## WHAT THIS TASK INVOLVES
Exactly the lines from the one containing "CASIO 卡西歐 G-SHOCK 原創塗鴉藝術手錶(DW-5000SS-1)" through the end of the records must be reproduced; leave out all pictures.
# # # # #
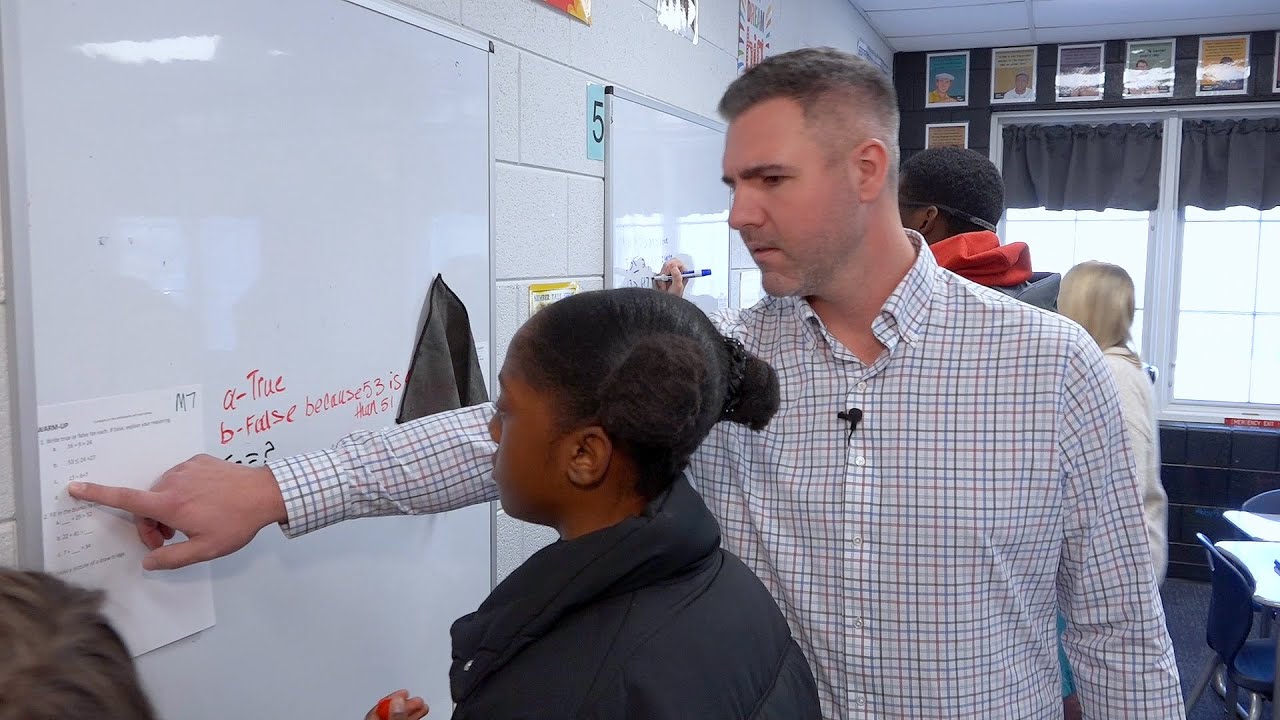 Math Lab Classroom at Springfield Middle School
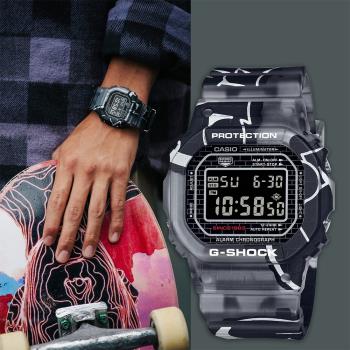 CASIO 卡西歐 G-SHOCK 原創塗鴉藝術手錶(DW-5000SS-1)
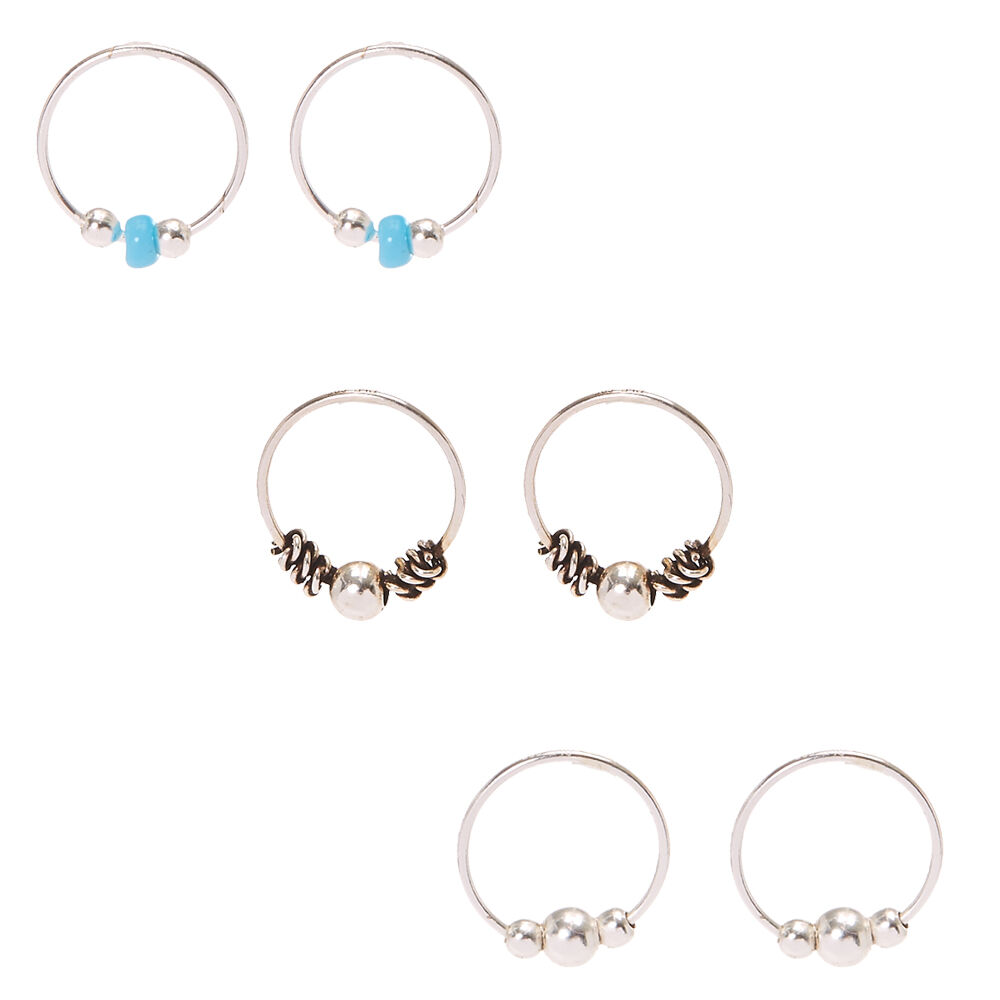 Claire's sterling silver hoops cheap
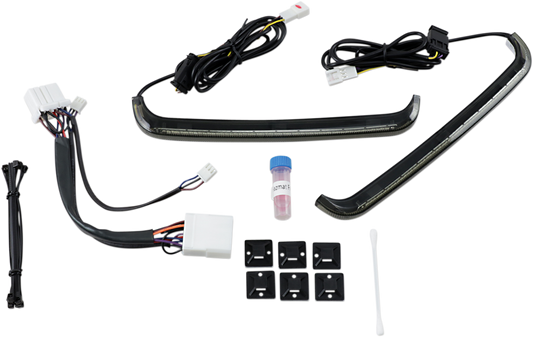 CUSTOM DYNAMICS Saddlebag Lights - '97-'13 - Smoke Lens CD-LP-HD-S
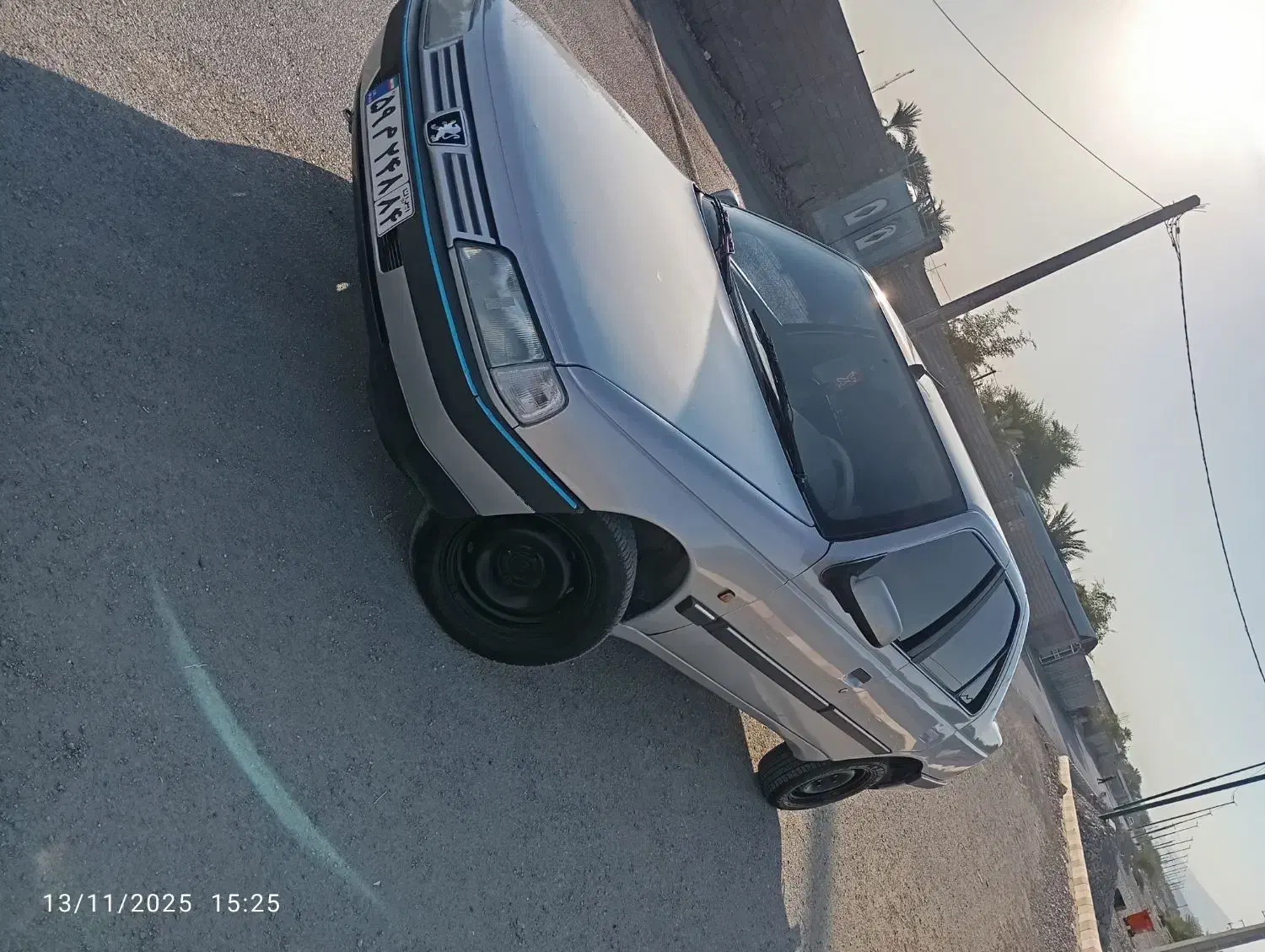 پژو۴۰۵ رنگ نقره ای|خودرو سواری و وانت|تخت, |دیوار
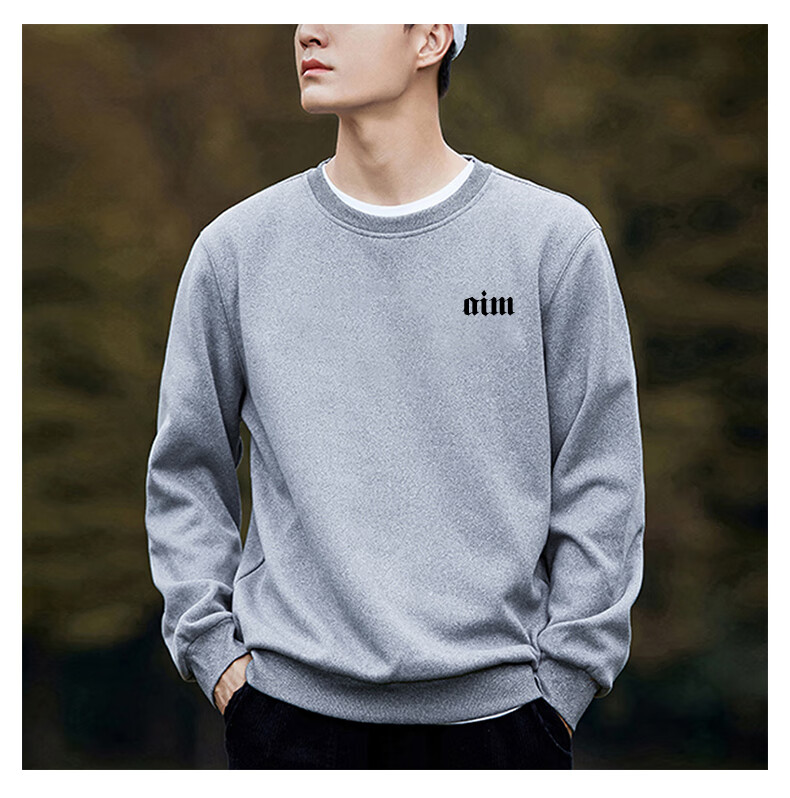 Warrior Sweatshirt for Men, Spring And Autumn Round Neck Sports Casual Jacket, Long-Sleeve Pullover Top for Me 17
# # # # #
## SOLUTION FOR THIS EXERCISE
 CASIO 卡西歐 G-SHOCK 原創塗鴉藝術手錶(DW-5000SS-1)
 Claire's sterling silver hoops cheap
 CUSTOM DYNAMICS Saddlebag Lights - '97-'13 - Smoke Lens CD-LP-HD-S
 پژو۴۰۵ رنگ نقره ای|خودرو سواری و وانت|تخت, |دیوار
 Warrior Sweatshirt for Men, Spring And Autumn Round Neck Sports Casual Jacket, Long-Sleeve Pullover Top for Me 17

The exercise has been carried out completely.